Gardentalk – How to recycle kitchen scraps, garden debris to make your own garden compost
Adding compost to your garden adds nutrients to the soil while improving its physical properties. With a little patience, gardeners can make their own compost by recycling ingredients found in the kitchen and backyard. Composting also helps reduce the flow of waste to the local landfill.
“You just want to make sure you’re preparing for a good time rather than a bad time. Bears are the main thing to think about (for) a bad time, ”said Lisa Daugherty, who runs Juneau Composts, a commercial composting operation in Lemon Creek.
“If you are composting food scraps, you want to make sure you have plenty of carbon (like cardboard) on hand at all times so that no food scraps are ever exposed to the air,” said Daugherty. “If you can see them, if you can smell them, then you’re just asking for trouble.”
These exposed food scraps can attract flies, squirrels, crows and bears.
For home composting, she said she creates a pallet bin with four wooden pallets standing and tied together at the corners. A cover is placed on top of the bin so that the compost is not saturated by the rain.
The front pallet is split in half so she can open the bin and use a fork or shovel to turn the compost or aerate the pile. Turning the battery regularly provides oxygen to the microbes, which will help them break down everything faster.
“People tend to think of greens and browns or carbons over nitrogen,” Daugherty said. “But basically you’re just trying to have a diversity of material. So food scraps, garden debris, leaves, shredded paper, cardboard, sawdust and (and) moss.
“I think the more diversified your inputs, the better your compost will be. “
Daughtery admits that she’s not a big fan of the compost drum turners sold by retailers because they are unwieldy and attract a lot of flies.
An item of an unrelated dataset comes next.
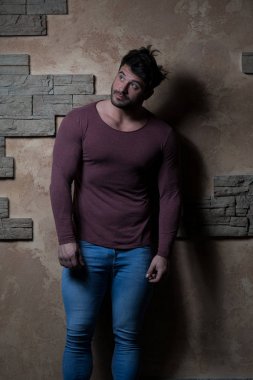 duvara karşı duran adam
“The flies will fly towards you as soon as it opens and for me it’s not a very pleasant experience,” said Daugherty. “I’m thinking of composting because you should feel like you’re working in your garden. You shouldn’t feel like you’re working at the landfill.
Daugherty said things like craft brewing grains are great for the compost pile.
But she doesn’t recommend novice composters to put in weeds, seafood, meat, or dog poop, especially if they’re not sure their compost pile is heating up enough.